The Homeland Security Department’s new platform for acquiring information technology services will help the department get its IT programs up to speed, the department’s deputy chief information officer said today.

DHS awarded indefinite-delivery, indefinite-quantity (IDIQ) contracts to 25 companies for the Enterprise Acquisition Gateway for Leading Edge (EAGLE) solutions program today.

EAGLE will serve as a departmentwide platform for acquiring IT service solutions in five functional categories:

  • Engineering design, development, implementation and integration.
  • Operations and maintenance.
  • Independent test, evaluation, validation and verification.
  • Software development.
  • Management support services.

DHS hopes to save $40 million in fees it pays other departments to administer its IT contracts, said Charlie Armstrong, DHS’ deputy CIO.

EAGLE will help DHS inject interoperability, standardization and regulatory compliance into its enterprise architecture, Armstrong said. Designated employees will ensure that the program complies with Office of Management and Budget regulations, he said.

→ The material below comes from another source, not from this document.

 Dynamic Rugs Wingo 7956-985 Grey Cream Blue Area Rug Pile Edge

DHS has weathered a lot of criticism to get IT solutions in place, Armstrong said. Through EAGLE, the department aims to reduce the time it takes to identify program requirements and get task orders operating, he said. “We think this will really get us to solve problems quickly” and get new programs up and running, he added.

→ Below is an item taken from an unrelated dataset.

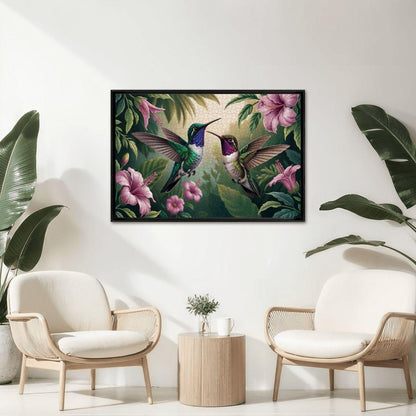 ColorFlow | Wooden Jigsaw Puzzle | Hummingbird Floral Art Wood Puzzle for Adults and Kids | Relaxing  Gift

EAGLE will have a centralized contract with decentralized ordering, said Soraya Correa, director of DHS’ procurement operations. Components of the department will order through their own procurement offices, which a central office will coordinate. The central office will also handle purchasing for the Office of the CIO, she said.

DHS is adding electronic processing of purchase orders to its procurement systems, Correa said.

The department will split parts of EAGLE into separate procurements, she said. For example, EAGLE’s small-business portion is on track for the end of July.

EAGLE is “just another IDIQ,” said Ray Bjorklund, senior vice president and chief knowledge officer at Federal Sources Inc. “It’s special in that DHS finally got its act together to consolidate its activities and programs.”

Bjorklund said he wants to see how fast contractors will see task and delivery orders. He also wants to find out how much work on existing contracts will move over to EAGLE and how quickly.

EAGLE is well-designed and should operate smoothly, Bjorklund said. The big question is whether EAGLE is designed well-enough so that people will use it instead of other procurement vehicles, he said. “The proof is in the pudding,” he added.

Large systems integrators with long federal track records took most of the slots, said Phil Kiviat, a partner at Guerra Kiviat. “This is nothing more than, ‘Let’s round up the usual suspects,’” he said.

There is pent-up demand for the contract and task orders waiting to be issued, Kiviat said. He expects the first activity on EAGLE in the next few weeks and rapid action thereafter.

DHS wanted the strongest companies for each of the five program areas, Kiviat said. The setup will be good for DHS because it limits the number of companies it deals with to a small group of well-known providers, he said.

Handing all the business to large integrators, however, will make it difficult for midsize companies to participate in DHS programs, Kiviat said. He predicted instances in which large companies can’t bring on midsize partners because the prime contractors must meet their set-asides for small businesses.

Some midsize companies will protest EAGLE’s setup, Kiviat said. He expects that DHS and industry will find a way to include midsize businesses, however.

An important step to include midsize businesses in EAGLE would be for Congress to define them in the Federal Acquisition Regulation, just as it has defined small businesses, Kiviat said. Without that definition, he said, the exclusion of midsize businesses will be inevitable.

The General Services Administration’s Alliant contract could face similar problems with including midsize companies for the same reason, Kiviat said.